請求項2記載の発明は、前記探索アルゴリズムは、最近傍探索法、Nステップ探索法、対数探索法又は階層探索法であることを特徴とする請求項1に記載の動き補償予測符号化装置である。
請求項3記載の発明は、前記第二動きベクトル演算手段は、前記第一動きベクトル演算手段の反復がN回で終わったとき、N+1回から反復を開始するとともに、その反復の初期値として、前記第一動きベクトル演算手段のN反復で得られた中間値を使用することを特徴とする請求項1又は請求項2いずれかに記載の動き補償予測符号化装置である。
請求項4記載の発明は、探索アルゴリズムの第1の上限反復数以下で第一ブロックの動きベクトルを演算する第一動きベクトル演算工程と、前記第一動きベクトル演算工程で演算された動きベクトルが前記探索アルゴリズムにおける評価値が極小解に収束したときのものであるか否かを判定する第一判定工程と、前記第一判定工程の判定結果が肯定の場合に前記第一ブロックを動き補償予測ブロックとして選択する第一選択工程と、前記第一判定工程の判定結果が否定の場合に探索アルゴリズムの第2の上限反復数以下で前記第一ブロックの分割ブロックに相当する第二ブロックの各々の動きベクトルを演算する第二動きベクトル演算工程と、前記第二動きベクトル演算工程で演算された第二ブロックの各々の動きベクトルの互いの差が所定の範囲に収まっているか否かを判定する第二判定工程と、前記第二判定工程の判定結果が肯定の場合に前記第一ブロックを動き補償予測ブロックとして選択する第二選択工程と、前記第二判定工程の判定結果が否定の場合に前記第二ブロックを動き補償予測ブロックとして選択する第三選択工程とを含み、前記第一乃至第三選択工程の何れかによって選ばれた動き補償予測ブロックを用いて符号化を行うことを特徴とする動き補償予測符号化方法である。

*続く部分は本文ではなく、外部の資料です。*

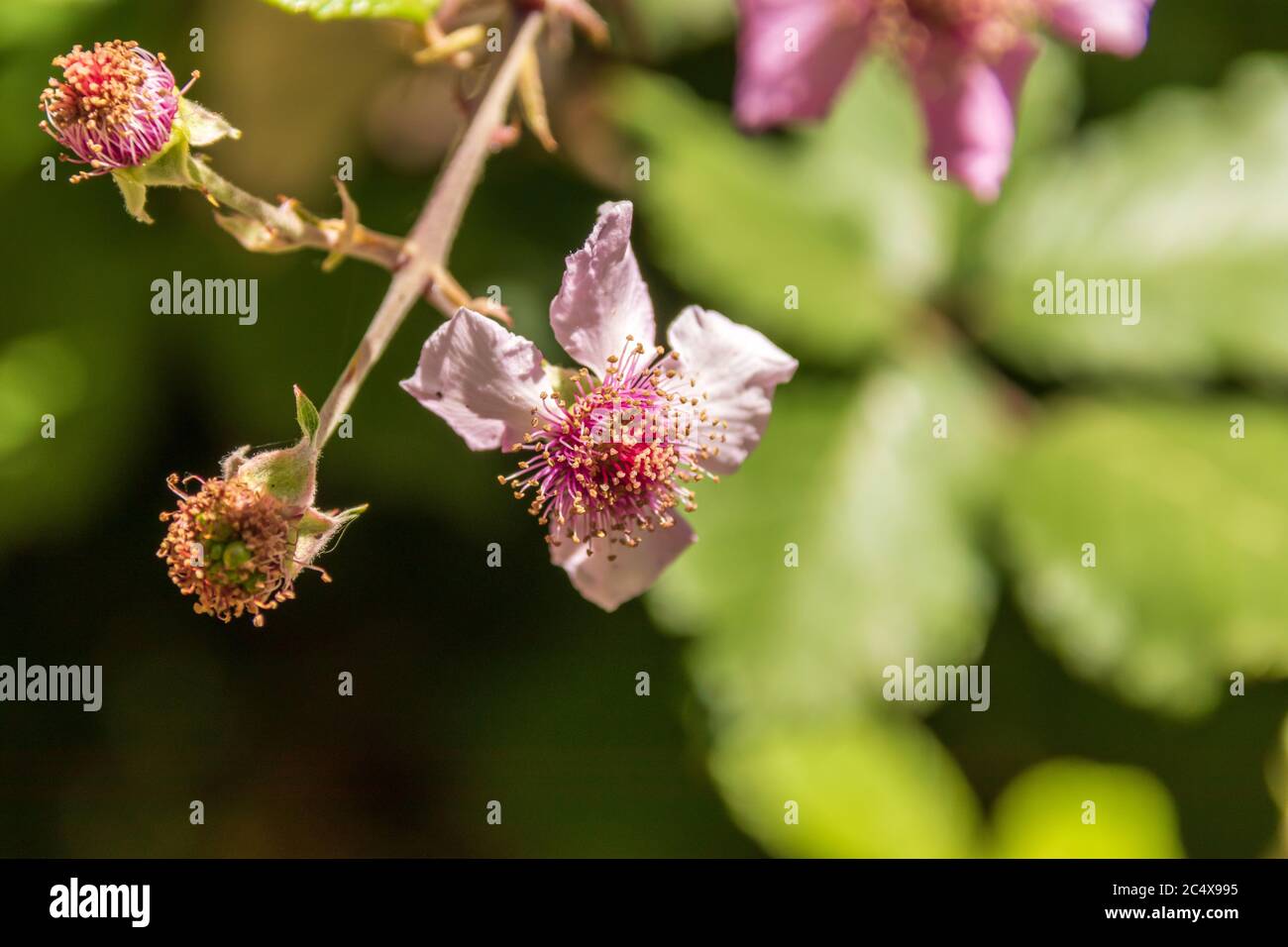 Rubus ulmifolius,   Blackberry Flower Stock Photo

請求項5記載の発明は、前記探索アルゴリズムは、最近傍探索法、Nステップ探索法、対数探索法又は階層探索法であることを特徴とする請求項4に記載の動き補償予測符号化方法である。
請求項6記載の発明は、前記第二動きベクトル演算工程は、前記第一動きベクトル演算工程の反復がN回で終わったとき、N+1回から反復を開始するとともに、その反復の初期値として、前記第一動きベクトル演算工程のN反復で得られた中間値を使用することを特徴とする請求項4又は請求項5いずれかに記載の動き補償予測符号化方法である。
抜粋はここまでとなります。